Neonics are so lethal that just one corn seed coated with a neonic pesticide can contain enough toxin to kill over 100,000 bees or a small songbird. Even lower levels of exposure can weaken and impair pollinators and other forms of wildlife, making it harder for bees, birds, and other species to survive and reproduce.
The argument in favor of phasing out the use of neonics in Vermont is based not only on the toxicity of the chemicals, but also on the testimony of multiple researchers who told legislators that the use of neonic-treated corn and soybean seeds seems to provide few if any benefits to farmers.
“Neonicotinoid seed treatments offer farmers almost no benefit and poison the pollinators that make growing healthy food possible,” said Scott Sanderson, staff attorney and manager of Conservation Law Foundation’s farm and food initiative. “With today’s vote, the Vermont House took a critical step to protect the state’s agricultural economy, all while providing farmers necessary safeguards.”
“Vermont’s legislators have taken a major step forward in safeguarding the health of pollinators by passing H706. Farmers are being sold neonicotinoid seed treatments that do not benefit them, and their widespread use is causing harm to bees, aquatic insects, and the many food chains that depend on insects” said Emily May, pollinator conservation biologist, The Xerces Society for Invertebrate Conservation.

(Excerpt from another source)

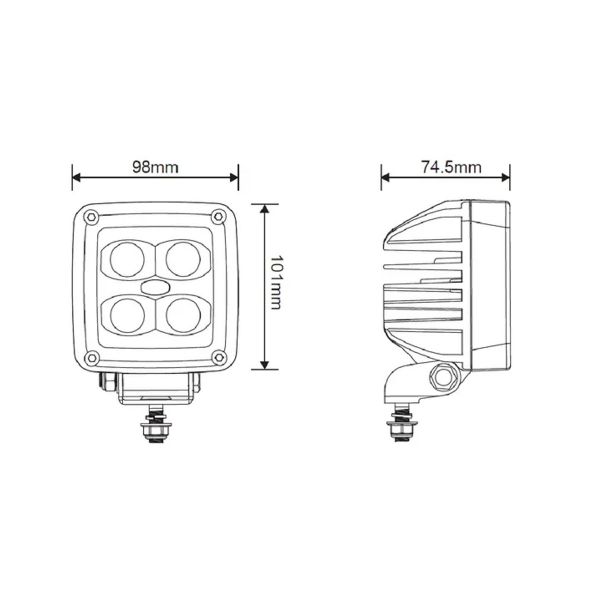 FARO DE TRABAJO LED 4500 LUMEN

Vermonters appear ready to give bees a chance. According to the poll, 96% of those surveyed agreed that pollinator species like bees, butterflies, moths, and bats are important to Vermont’s agriculture; 85% said that the pollinators were very important.
“This is an exciting first step in ultimately reducing the use of harmful pesticides that are a threat to birds, pollinators, and people. It is clear that Vermonters care about our farms and a healthy environment” said Margaret Fowle, senior conservation biologist, Audubon Vermont.